Weitz S R, Drasner K
Department of Anesthesia, University of California, San Francisco 94143-0648, USA.
Anesthesiology. 1995 Jul;83(1):96-100. doi: 10.1097/00000542-199507000-00012.
When local anesthetic is used to produce epidural anesthesia intraoperatively, epidural catheter placement is confirmed. However, when epidural catheters are placed intraoperatively only to provide postoperative opioid analgesia, correct catheter placement may not be confirmed by administration of a local anesthetic. The current study tests the hypothesis that the extent of sensory blockade produced by a 10-ml dose of 1.5% lidocaine can be used to predict the adequacy of epidural opioid analgesia.
Forty-nine patients undergoing major abdominal surgery in whom a lumbar epidural catheter was placed intraoperatively were studied, but no more than 3 ml 1% lidocaine had been injected. Placement of the epidural catheter was assessed in the postanesthesia care unit by administration of a 10-ml dose of 1.5% lidocaine. The extent of sensory blockade was determined using the pinprick technique: All dermatomes, T2 and below, were assessed and scored using 1 point per dermatome per side from L1 to T2 to a maximum of 24 points. Scores were arbitrarily divided into three groups, where group 1, 0-7 points; group 2, 8-15 points; and group 3, 16-24 points. Epidural morphine infusion was initiated independently of the extent of the sensory blockade and adjusted using predetermined guidelines. Adequacy of opioid-induced analgesia was determined using the visual analog scale.
Significantly lower visual analog scale scores for pain at rest and with movement from epidural morphine infusion were associated with sensory blockade score of 16-24 points. Seven patients failed to obtain a detectable sensory block. No patient requested alternative analgesia. None of the epidural catheters was removed because of inadequate pain relief, even in patients who failed to obtain a detectable sensory block.
Extensive sensory block from 10 ml 1.5% lidocaine was associated with excellent epidural opioid analgesia. Extent of analgesia after a 10-ml test dose of 1.5% lidocaine can be used to predict the adequacy of analgesia resulting from an epidural opioid infusion. The failure of a local anesthetic dose to produce sensory blockade does not necessarily predict a failure to produce analgesia from an epidural opioid infusion, as indicated by the presence of analgesia in several patients without detectable sensory block.

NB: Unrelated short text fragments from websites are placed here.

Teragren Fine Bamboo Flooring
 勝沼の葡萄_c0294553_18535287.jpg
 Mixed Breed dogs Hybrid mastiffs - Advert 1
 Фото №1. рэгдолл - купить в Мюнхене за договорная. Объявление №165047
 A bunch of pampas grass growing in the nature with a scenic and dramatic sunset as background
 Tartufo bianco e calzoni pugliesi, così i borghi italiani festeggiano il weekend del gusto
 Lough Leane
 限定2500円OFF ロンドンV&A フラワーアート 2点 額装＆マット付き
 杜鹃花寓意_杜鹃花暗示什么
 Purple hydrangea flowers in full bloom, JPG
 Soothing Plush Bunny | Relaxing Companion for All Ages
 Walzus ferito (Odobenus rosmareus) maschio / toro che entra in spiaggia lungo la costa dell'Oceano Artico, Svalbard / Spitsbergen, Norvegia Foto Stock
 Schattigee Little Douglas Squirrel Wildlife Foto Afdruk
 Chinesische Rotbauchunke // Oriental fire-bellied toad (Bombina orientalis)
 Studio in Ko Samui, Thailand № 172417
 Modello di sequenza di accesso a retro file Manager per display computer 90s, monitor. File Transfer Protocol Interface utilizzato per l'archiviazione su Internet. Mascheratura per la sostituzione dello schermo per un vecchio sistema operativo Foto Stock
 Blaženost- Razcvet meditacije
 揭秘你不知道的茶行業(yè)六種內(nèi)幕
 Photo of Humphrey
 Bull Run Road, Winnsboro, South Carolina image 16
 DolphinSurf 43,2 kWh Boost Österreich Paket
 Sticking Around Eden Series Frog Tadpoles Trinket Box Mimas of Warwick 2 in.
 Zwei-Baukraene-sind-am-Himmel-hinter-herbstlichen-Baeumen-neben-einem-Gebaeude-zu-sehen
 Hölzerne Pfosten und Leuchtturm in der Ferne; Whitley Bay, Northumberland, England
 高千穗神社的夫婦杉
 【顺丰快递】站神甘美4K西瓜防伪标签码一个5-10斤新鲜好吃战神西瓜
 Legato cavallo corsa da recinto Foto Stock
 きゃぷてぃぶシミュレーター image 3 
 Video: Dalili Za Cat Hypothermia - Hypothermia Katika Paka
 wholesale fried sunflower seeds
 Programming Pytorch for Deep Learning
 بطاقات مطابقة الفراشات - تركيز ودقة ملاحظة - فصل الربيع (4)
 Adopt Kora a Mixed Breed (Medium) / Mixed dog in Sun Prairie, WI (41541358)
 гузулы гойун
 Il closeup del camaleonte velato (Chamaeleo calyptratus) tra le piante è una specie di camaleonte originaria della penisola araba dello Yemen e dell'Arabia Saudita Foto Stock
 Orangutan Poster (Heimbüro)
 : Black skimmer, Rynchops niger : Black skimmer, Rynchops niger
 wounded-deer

术中使用局部麻醉药进行硬膜外麻醉时,硬膜外导管的位置可得到确认。然而,当术中放置硬膜外导管仅用于术后阿片类药物镇痛时,通过给予局部麻醉药可能无法确认导管位置是否正确。本研究检验了以下假设:10毫升1.5%利多卡因产生的感觉阻滞范围可用于预测硬膜外阿片类药物镇痛的充分性。
对49例行腹部大手术且术中放置了腰段硬膜外导管的患者进行研究,这些患者术中注入的1%利多卡因不超过3毫升。在麻醉后护理单元,通过给予10毫升1.5%利多卡因来评估硬膜外导管的位置。使用针刺技术确定感觉阻滞范围:评估T2及以下所有皮节,从L1到T2每侧每个皮节计1分,最高24分。分数被任意分为三组,其中第1组,0 - 7分;第2组,8 - 15分;第3组,16 - 24分。硬膜外吗啡输注独立于感觉阻滞范围开始,并根据预定指南进行调整。使用视觉模拟评分法确定阿片类药物诱导镇痛的充分性。
硬膜外吗啡输注后静息和活动时疼痛的视觉模拟评分显著较低与感觉阻滞评分为16 - 24分相关。7例患者未获得可检测到的感觉阻滞。没有患者要求使用其他镇痛方法。即使在未获得可检测到感觉阻滞的患者中,也没有因为镇痛效果不佳而拔除任何硬膜外导管。
10毫升1.5%利多卡因产生的广泛感觉阻滞与良好的硬膜外阿片类药物镇痛相关。10毫升1.5%利多卡因试验剂量后的镇痛范围可用于预测硬膜外阿片类药物输注产生的镇痛充分性。局部麻醉药剂量未能产生感觉阻滞不一定预示硬膜外阿片类药物输注不能产生镇痛效果,如几名没有可检测到感觉阻滞的患者存在镇痛效果所示。